To find the outlier we have several methods like graphical statistically based also cluster based etc.
In statistically based analysis the approach is like assuming a parametrical model describing the distribution of the data .example we can say that normal distribution.To apply a statistical test it depend several things like. Data distribution , parameter of distribution and also number of the expected outlier . The statistical based approach is likehood approach.

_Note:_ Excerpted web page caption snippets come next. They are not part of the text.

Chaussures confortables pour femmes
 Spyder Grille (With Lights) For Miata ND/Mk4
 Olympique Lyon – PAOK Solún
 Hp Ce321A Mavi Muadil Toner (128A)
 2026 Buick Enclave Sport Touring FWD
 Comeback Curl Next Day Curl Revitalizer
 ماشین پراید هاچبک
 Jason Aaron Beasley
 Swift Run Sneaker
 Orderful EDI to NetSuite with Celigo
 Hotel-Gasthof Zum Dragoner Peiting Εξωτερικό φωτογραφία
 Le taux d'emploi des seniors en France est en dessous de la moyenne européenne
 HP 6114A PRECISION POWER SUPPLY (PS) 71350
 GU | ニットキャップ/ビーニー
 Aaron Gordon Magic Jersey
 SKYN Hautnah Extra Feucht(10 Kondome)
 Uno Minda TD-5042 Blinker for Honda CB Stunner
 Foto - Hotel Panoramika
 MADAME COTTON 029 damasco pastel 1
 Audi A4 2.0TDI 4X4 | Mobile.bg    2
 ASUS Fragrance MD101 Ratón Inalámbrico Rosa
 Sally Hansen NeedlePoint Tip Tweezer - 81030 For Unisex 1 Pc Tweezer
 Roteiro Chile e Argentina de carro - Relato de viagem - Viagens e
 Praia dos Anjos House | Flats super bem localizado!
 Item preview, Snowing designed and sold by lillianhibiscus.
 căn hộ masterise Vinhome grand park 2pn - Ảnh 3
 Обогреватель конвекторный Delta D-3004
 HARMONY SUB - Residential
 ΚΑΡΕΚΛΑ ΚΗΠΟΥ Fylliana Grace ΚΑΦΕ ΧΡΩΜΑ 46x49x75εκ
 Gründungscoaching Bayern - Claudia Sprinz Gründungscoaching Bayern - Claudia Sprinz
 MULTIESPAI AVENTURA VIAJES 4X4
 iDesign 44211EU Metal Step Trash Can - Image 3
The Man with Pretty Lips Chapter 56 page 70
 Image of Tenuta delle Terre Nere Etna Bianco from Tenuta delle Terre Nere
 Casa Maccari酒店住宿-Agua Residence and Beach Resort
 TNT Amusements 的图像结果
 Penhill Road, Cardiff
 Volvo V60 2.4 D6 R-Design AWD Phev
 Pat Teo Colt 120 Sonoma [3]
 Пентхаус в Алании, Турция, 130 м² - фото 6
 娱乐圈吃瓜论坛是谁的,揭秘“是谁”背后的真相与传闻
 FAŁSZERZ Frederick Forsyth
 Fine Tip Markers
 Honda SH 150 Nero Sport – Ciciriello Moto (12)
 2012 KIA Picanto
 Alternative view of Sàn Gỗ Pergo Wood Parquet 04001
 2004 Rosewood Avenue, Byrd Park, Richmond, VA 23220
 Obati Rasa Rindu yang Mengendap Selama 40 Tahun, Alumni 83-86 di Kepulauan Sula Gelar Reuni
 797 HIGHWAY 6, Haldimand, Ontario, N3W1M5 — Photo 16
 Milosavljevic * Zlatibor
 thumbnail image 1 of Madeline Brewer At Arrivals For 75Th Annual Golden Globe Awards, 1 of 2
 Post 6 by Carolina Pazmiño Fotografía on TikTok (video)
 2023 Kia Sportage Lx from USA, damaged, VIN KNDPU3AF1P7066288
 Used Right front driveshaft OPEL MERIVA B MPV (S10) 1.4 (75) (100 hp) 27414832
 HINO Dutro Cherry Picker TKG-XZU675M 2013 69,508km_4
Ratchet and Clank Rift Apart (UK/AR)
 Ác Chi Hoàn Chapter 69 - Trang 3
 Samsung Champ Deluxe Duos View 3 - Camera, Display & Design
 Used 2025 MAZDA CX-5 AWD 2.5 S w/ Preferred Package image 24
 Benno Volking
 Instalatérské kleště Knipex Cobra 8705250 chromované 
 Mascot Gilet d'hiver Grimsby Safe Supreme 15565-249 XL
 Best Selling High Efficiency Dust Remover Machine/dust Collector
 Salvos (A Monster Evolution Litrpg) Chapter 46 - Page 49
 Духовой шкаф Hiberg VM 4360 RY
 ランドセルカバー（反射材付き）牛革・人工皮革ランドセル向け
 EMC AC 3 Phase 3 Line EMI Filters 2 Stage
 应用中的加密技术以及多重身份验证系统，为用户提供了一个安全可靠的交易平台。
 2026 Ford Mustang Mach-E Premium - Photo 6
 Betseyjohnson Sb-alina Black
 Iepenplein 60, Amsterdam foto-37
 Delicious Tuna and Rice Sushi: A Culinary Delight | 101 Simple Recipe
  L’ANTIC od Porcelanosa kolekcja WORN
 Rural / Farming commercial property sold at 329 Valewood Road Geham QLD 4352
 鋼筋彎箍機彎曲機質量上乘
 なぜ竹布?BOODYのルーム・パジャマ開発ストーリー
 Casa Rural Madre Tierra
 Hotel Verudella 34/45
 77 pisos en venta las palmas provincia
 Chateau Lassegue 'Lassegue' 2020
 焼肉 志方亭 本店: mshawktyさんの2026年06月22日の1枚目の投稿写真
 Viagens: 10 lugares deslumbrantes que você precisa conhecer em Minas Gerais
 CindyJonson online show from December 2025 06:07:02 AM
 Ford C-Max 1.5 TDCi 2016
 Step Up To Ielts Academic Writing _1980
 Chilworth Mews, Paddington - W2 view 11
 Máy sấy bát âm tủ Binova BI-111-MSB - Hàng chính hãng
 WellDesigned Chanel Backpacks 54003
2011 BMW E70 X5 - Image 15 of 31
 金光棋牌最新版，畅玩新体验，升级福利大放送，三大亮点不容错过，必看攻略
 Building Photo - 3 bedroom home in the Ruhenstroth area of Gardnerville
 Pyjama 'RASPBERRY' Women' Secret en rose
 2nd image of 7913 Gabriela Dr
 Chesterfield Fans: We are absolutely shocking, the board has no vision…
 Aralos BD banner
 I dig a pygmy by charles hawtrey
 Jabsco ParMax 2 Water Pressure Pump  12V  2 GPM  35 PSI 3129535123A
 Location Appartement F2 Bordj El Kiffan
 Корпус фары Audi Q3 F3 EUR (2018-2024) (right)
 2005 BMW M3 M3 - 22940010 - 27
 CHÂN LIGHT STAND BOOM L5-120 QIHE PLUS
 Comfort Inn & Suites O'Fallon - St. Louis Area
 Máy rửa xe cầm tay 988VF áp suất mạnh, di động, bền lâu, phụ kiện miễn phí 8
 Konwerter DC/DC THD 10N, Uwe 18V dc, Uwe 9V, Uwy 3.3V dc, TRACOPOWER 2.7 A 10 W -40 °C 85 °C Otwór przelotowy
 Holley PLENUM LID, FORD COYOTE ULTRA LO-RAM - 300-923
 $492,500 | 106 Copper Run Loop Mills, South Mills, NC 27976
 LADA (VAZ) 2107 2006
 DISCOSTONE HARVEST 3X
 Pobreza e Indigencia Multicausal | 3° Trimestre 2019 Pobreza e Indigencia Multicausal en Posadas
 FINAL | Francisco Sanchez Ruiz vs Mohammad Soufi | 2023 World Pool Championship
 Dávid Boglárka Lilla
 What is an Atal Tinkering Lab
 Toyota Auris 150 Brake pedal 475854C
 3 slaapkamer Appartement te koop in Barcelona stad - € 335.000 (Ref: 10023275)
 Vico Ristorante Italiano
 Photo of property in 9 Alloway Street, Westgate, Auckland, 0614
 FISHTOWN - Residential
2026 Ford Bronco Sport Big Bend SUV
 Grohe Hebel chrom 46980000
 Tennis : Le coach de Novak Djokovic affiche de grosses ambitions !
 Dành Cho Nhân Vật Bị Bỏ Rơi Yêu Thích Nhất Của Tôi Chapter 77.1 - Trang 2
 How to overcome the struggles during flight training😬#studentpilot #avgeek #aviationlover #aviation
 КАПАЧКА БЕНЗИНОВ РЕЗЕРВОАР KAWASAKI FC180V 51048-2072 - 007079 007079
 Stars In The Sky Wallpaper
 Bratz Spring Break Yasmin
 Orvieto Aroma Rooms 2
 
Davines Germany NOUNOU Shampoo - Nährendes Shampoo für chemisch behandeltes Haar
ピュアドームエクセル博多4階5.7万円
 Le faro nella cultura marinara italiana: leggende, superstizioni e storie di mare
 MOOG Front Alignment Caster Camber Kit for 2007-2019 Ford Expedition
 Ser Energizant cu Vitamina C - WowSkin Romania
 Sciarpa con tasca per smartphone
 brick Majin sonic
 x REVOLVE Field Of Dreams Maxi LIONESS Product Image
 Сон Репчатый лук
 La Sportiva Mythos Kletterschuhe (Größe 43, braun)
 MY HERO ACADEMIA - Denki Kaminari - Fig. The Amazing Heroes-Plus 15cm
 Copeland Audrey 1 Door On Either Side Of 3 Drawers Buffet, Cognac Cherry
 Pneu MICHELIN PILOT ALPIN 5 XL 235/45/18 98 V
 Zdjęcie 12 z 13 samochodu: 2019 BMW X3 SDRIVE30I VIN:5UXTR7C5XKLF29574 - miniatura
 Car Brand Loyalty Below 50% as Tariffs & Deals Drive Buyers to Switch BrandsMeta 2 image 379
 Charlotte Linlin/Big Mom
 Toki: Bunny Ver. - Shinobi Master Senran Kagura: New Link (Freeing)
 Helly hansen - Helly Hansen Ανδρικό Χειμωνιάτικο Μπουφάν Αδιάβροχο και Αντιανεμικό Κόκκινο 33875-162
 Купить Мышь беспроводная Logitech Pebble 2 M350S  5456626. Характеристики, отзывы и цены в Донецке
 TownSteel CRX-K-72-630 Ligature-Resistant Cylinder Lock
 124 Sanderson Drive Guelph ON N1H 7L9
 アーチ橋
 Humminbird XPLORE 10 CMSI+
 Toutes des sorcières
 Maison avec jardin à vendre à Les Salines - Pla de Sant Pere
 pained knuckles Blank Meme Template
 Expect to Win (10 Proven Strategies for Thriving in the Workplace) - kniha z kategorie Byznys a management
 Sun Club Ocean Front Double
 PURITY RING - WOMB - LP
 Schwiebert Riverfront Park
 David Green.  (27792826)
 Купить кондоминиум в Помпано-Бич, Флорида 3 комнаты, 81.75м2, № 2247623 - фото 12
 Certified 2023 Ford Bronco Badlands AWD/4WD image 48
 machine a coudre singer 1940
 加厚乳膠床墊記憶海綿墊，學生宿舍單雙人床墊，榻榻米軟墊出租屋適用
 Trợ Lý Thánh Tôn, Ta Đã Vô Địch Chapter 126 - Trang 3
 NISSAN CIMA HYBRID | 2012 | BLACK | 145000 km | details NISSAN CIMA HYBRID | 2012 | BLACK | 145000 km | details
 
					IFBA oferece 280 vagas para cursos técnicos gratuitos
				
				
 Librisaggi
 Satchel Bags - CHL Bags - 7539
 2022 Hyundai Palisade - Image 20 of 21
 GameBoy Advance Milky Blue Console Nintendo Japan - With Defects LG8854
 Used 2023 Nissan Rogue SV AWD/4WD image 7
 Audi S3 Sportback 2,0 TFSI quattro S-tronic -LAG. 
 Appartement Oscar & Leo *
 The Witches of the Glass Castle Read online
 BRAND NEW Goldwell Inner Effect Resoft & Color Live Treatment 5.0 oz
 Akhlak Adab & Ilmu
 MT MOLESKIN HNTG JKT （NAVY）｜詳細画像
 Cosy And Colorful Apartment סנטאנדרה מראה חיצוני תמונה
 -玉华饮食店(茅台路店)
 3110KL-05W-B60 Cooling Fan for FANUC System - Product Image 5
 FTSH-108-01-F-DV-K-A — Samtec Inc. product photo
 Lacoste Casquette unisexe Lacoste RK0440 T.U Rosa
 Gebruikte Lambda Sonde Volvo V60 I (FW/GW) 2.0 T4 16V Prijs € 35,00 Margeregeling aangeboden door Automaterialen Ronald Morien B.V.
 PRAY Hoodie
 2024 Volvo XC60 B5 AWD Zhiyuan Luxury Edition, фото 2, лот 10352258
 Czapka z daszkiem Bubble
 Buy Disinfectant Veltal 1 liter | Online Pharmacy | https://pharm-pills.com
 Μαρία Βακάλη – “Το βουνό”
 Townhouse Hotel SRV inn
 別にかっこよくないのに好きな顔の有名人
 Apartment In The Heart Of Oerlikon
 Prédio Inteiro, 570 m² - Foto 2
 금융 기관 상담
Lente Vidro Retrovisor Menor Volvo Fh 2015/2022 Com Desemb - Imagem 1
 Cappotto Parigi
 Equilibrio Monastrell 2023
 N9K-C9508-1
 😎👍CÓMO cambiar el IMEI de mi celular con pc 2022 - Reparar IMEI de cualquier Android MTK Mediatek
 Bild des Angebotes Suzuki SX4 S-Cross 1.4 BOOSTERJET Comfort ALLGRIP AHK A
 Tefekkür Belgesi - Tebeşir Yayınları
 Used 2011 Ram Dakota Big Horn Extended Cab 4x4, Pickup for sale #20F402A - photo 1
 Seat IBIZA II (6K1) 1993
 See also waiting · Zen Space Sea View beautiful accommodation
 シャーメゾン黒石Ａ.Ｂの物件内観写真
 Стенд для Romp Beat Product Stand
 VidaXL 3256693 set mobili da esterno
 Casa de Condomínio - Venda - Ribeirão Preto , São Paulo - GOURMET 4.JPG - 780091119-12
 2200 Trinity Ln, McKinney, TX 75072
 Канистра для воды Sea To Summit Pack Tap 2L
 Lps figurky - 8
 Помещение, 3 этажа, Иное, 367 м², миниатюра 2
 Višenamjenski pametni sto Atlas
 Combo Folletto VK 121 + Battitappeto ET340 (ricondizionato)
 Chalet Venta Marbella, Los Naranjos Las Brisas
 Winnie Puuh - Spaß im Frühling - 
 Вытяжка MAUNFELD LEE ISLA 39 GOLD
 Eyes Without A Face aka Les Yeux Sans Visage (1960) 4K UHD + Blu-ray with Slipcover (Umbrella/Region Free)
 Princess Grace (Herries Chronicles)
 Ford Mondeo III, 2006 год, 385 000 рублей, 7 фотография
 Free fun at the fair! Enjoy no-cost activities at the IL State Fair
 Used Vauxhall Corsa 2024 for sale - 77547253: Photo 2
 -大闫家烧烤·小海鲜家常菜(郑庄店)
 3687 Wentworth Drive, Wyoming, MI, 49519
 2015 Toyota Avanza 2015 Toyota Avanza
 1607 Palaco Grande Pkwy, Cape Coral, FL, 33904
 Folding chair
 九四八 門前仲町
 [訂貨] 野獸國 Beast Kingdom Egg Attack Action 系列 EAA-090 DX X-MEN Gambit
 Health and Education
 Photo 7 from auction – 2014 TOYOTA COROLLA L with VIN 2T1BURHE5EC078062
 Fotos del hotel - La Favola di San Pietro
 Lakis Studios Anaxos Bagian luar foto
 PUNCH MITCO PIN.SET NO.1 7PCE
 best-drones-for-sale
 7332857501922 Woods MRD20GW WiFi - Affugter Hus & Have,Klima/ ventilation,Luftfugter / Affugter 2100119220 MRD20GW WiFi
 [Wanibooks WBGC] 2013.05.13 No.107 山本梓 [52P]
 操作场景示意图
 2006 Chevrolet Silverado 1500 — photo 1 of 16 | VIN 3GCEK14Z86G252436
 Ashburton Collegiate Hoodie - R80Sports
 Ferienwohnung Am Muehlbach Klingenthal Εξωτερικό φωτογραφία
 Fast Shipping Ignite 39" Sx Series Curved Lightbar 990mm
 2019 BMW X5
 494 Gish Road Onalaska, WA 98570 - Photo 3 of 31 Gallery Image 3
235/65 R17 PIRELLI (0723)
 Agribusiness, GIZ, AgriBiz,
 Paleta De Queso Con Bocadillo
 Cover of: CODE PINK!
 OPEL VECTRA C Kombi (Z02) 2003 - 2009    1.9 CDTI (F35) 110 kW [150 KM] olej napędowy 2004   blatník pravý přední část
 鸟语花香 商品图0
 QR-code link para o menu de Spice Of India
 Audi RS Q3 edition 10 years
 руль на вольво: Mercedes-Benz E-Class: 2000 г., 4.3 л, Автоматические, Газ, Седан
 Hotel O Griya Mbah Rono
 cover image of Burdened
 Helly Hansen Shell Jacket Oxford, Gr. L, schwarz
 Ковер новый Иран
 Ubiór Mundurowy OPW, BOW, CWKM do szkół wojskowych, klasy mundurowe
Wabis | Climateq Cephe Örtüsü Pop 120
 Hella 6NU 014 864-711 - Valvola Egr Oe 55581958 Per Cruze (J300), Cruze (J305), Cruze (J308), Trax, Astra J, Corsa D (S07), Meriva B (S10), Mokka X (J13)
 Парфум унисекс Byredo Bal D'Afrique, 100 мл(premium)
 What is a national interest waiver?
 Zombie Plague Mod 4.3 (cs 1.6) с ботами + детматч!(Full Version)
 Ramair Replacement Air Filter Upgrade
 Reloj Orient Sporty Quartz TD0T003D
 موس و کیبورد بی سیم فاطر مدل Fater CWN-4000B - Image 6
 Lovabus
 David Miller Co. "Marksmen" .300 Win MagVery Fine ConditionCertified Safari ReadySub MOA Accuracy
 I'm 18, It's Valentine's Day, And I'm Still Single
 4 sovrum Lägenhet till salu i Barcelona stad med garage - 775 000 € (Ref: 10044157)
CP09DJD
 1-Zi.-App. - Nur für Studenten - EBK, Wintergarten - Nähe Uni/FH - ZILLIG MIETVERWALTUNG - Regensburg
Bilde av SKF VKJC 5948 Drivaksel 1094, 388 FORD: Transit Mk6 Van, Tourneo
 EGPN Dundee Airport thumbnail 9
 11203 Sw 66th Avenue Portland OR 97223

There are also limitations to the statistical method.
In the statistical method most of the approach are for a single attribute secondly in many cases data distribution may not be known then this approach faces problem and also for high dimensional data it may be challenging to find out the true distribution
Then it comes the cluster based analysis its basis is like clustering the data into groups of different density then choose points in small cluster as the candidate outlier then comparing with this candidate point compute the distance between the candidate point and noncandidating clusters . If the candidate points are so far from the all other noncandidating points they are outliers.
Since here we got height ,weight,age, and blood pressure of sample from metropolitan city means we have more than one or several type of variables so we can say that it's multivariate and also it will be a huge dimensional data because it's from metropolitan city . According to these founding I think the stable method for outlier detection is cluster based outlier detection method.